Excerpts from a dataset
###
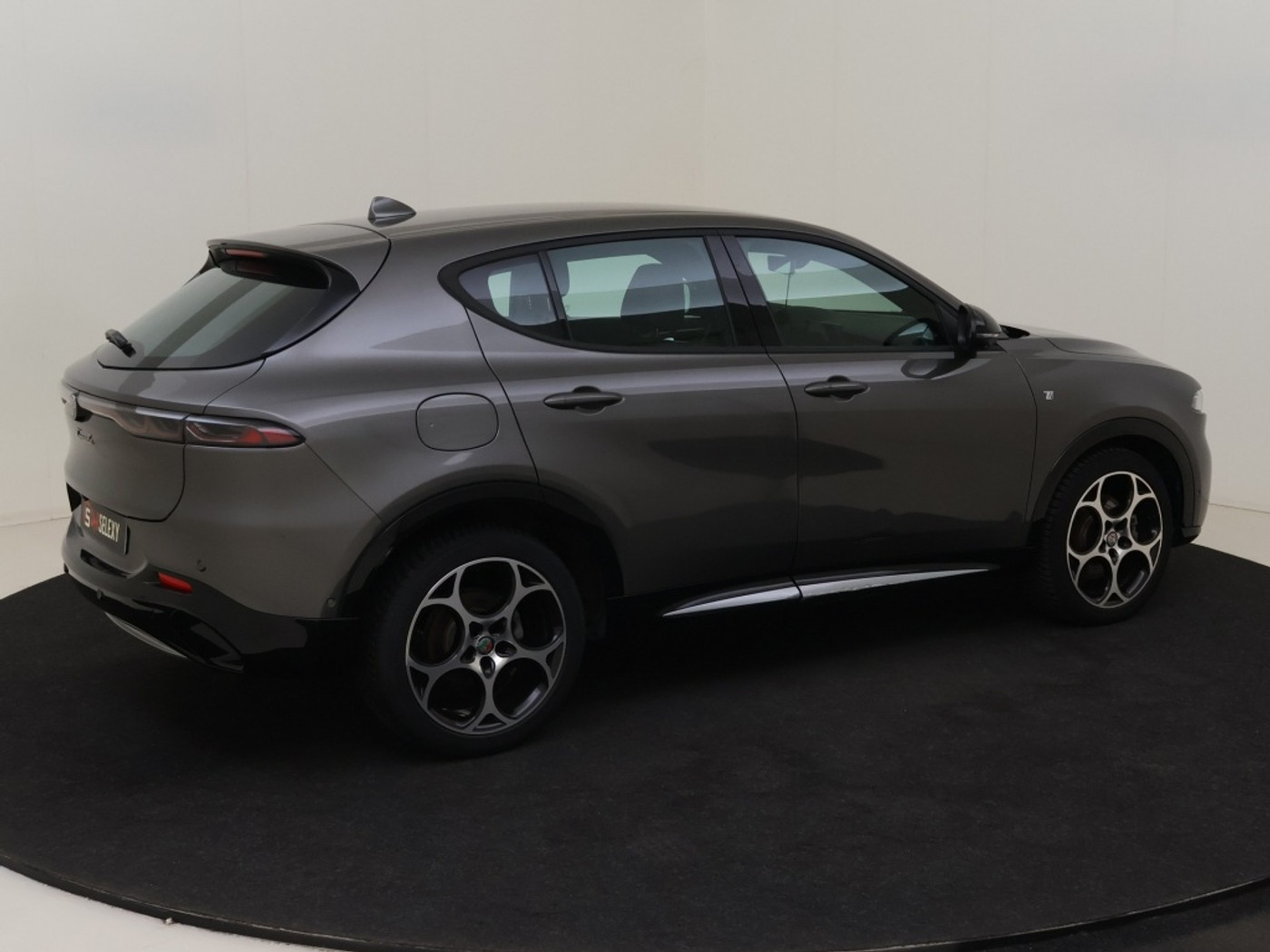 Foto van Alfa Romeo Tonale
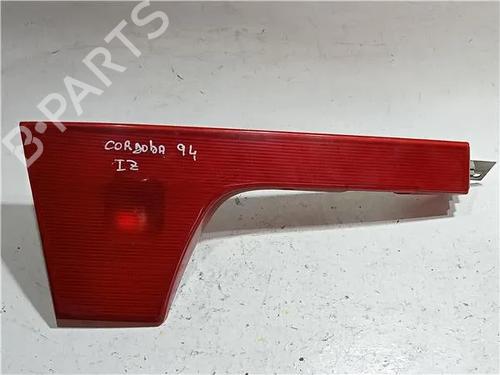 Used Left tailgate light SEAT CORDOBA (6K1, 6K2) 2.0 i 16V (150 hp) 23916962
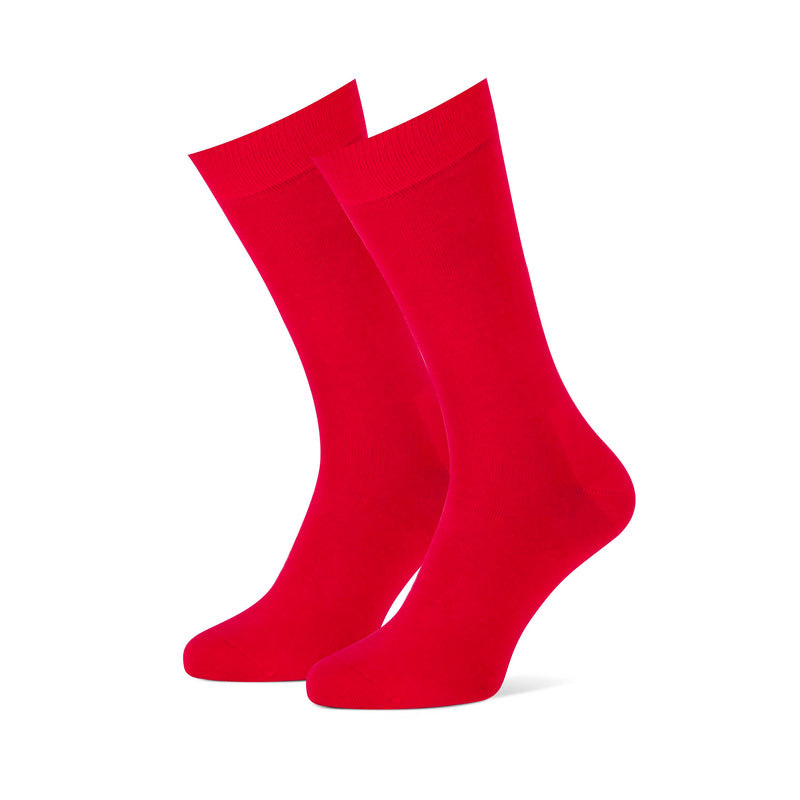 Herensok MM cotton 2-pack 91900 580 rood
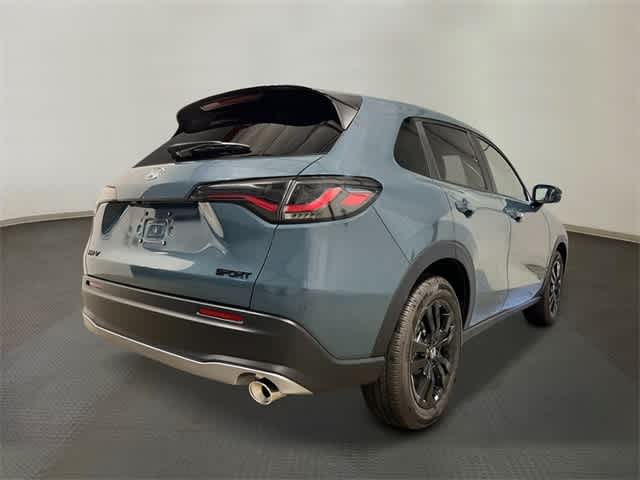 Thumbnail: 2026 Honda HR-V - 5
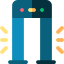 Metal detector icon 64x64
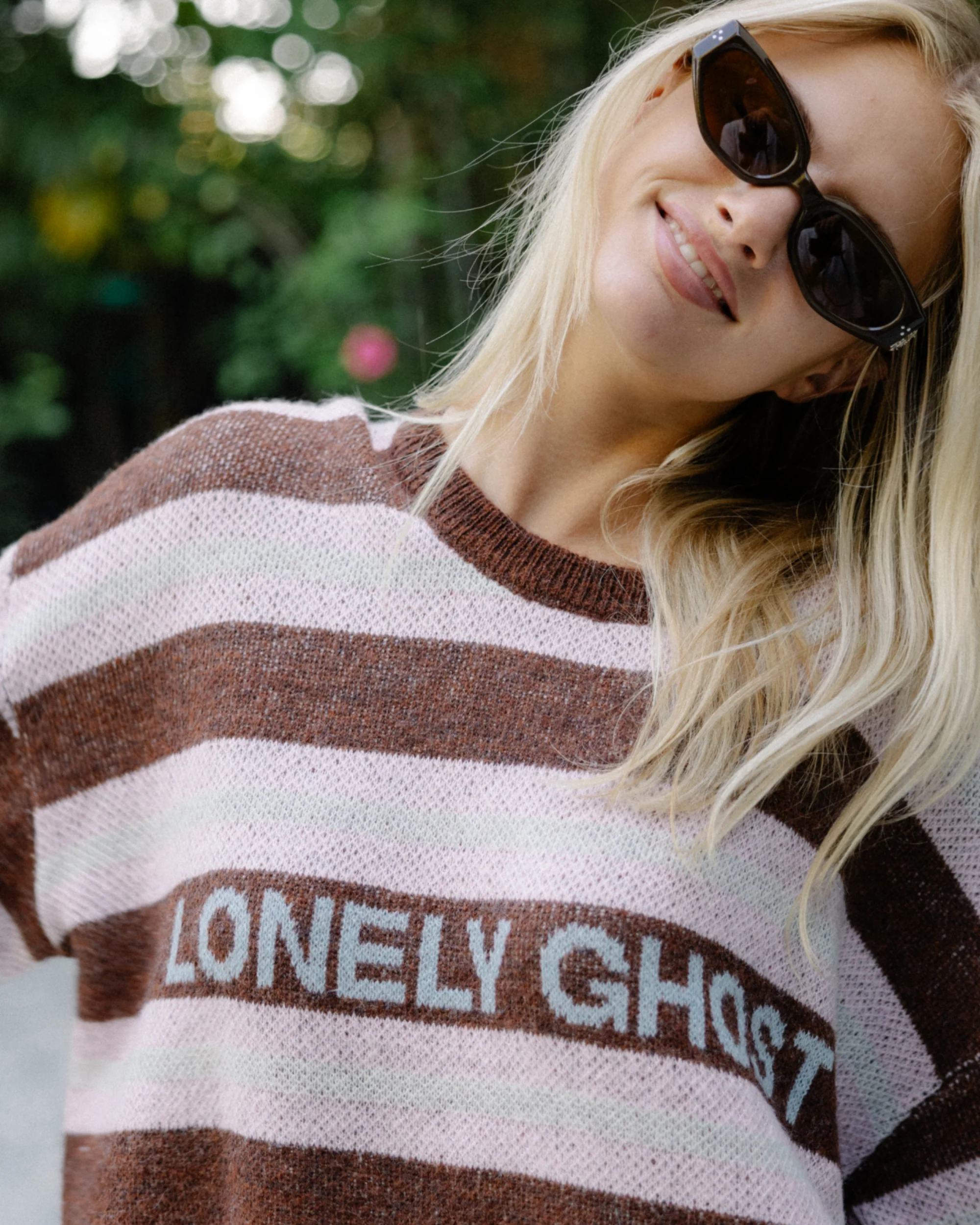 Lonely Star Knit Sweater - Image 4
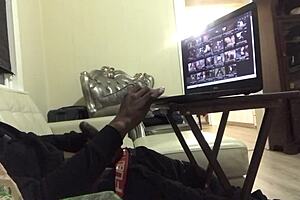 Getting Blown By Muslim Smoker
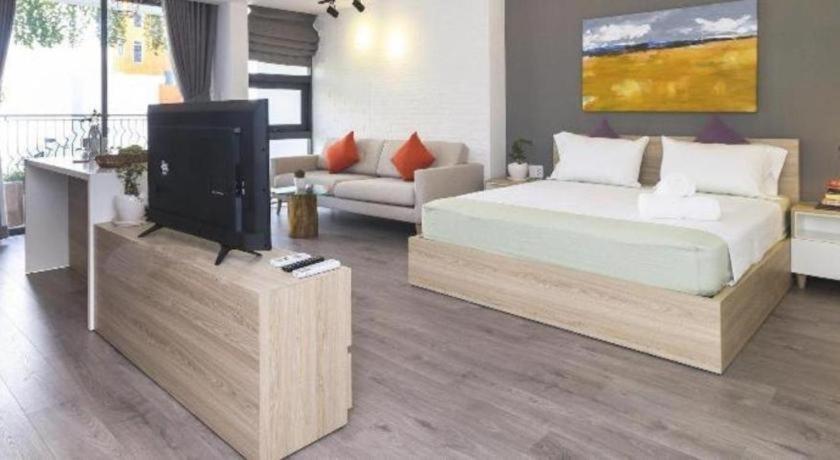 Opox Nha Trang Exterior foto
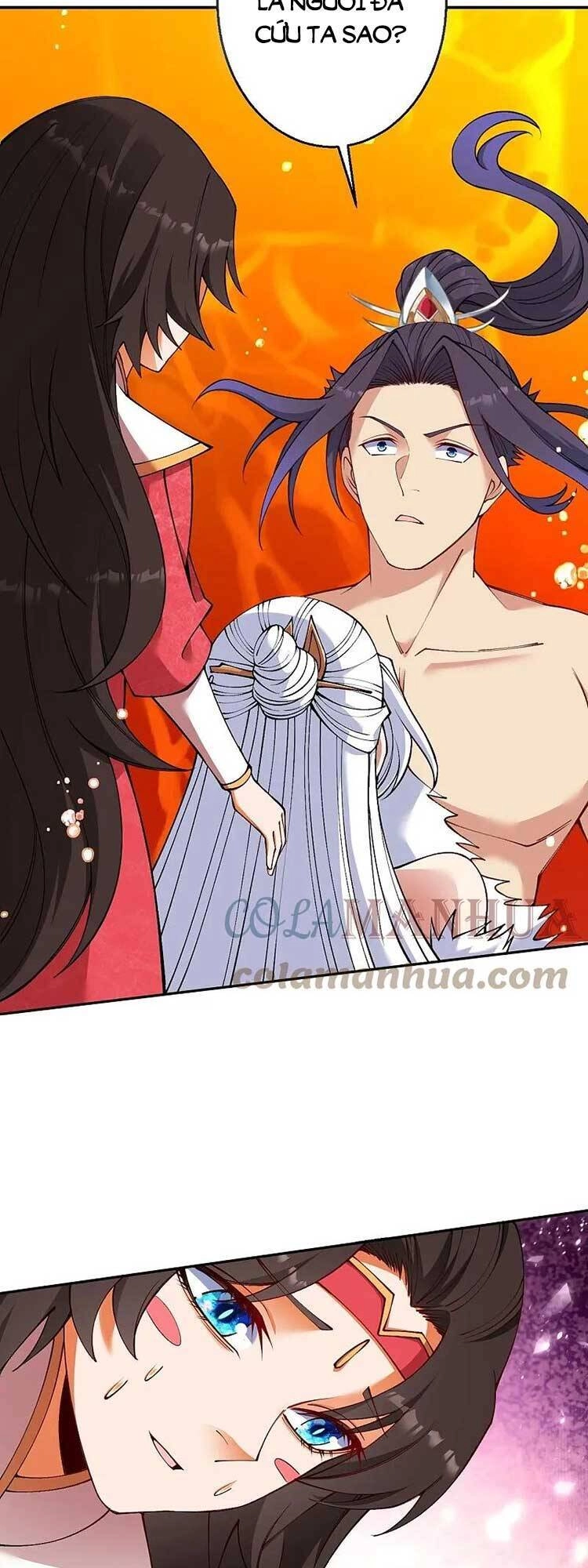 Nghịch Thiên Tà Thần Chapter 599 - 25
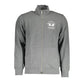 La Martina Grigio Cotton Mens Sweatshirt
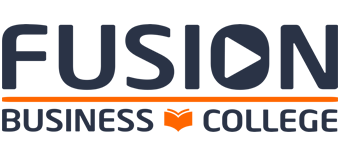 Fusion Business College - Leading provider of specialist training and development solutions to the automotive and finance industries. logo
###
• Required action
Leaving the pictures out, give again word for word each line from the one holding "La Martina Grigio Cotton Mens Sweatshirt" through the end of the records.

• Your solution
 La Martina Grigio Cotton Mens Sweatshirt
 Fusion Business College - Leading provider of specialist training and development solutions to the automotive and finance industries. logo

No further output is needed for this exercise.